Maka dari itu, Baasyir harus memenuhi persyaratan dari pembebasan bersyarat.
"Tentu tidak mungkin satu orang kemudian dibikinkan peraturan untuk satu orang, tidak bisa lah. Harus bersifat umum peraturan itu," lanjut Kalla.
Menteri pertahanan Ryamizard Ryacudu menegaskan Baasyir harus mengakui Pancasila jika ingin dibebaskan.
"Iya dong (harus mengakui Pancasila). Kalau tidak numpang saja. Kalau lama bisa diusir," ujarnya, mengutip Antara via Kompas.com, Selasa (22/1/2019).
Ryamizard berharap Baasyir bisa menerima Pancasila sebagai dasar negara Indonesia.
Menurut Ryamizard, tidak mungkin seorang warga negara Indonesia (WNI) seperti Ba'asyir bisa hidup di negara ini jika tidak mengakui Pancasila.
"Kalau tidak akui Pancasila, namanya numpang.
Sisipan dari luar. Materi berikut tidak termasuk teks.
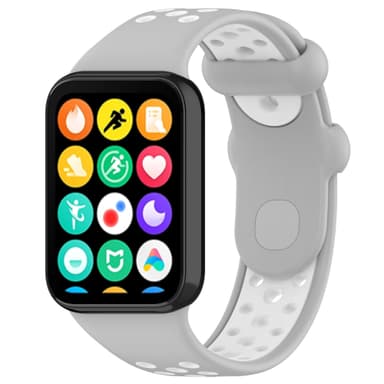 Silikonklokkerem for Xiaomi Band 8 Pro Hvit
Kalau numpang itu sebentar saja. Jangan lama-lama. Rugi negara kalau terlalu lama," tuturnya.
Pertimbangan mengenai syarat pembebasan Baasyir tentang kesetiaan kepada Pancasila ini pertama kali diminculkan oleh Menteri Koordinator Politik, Hukum, dan Keamanan Wiranto.
"Presiden tidak grusa-grusu, serta-merta, tapi perlu mempertimbangkan aspek lainnya. Karena itu, Presiden memerintahkan pejabat terkait melakukan kajian mendalam dan komprehensif merespons permintaan itu," tuturnya.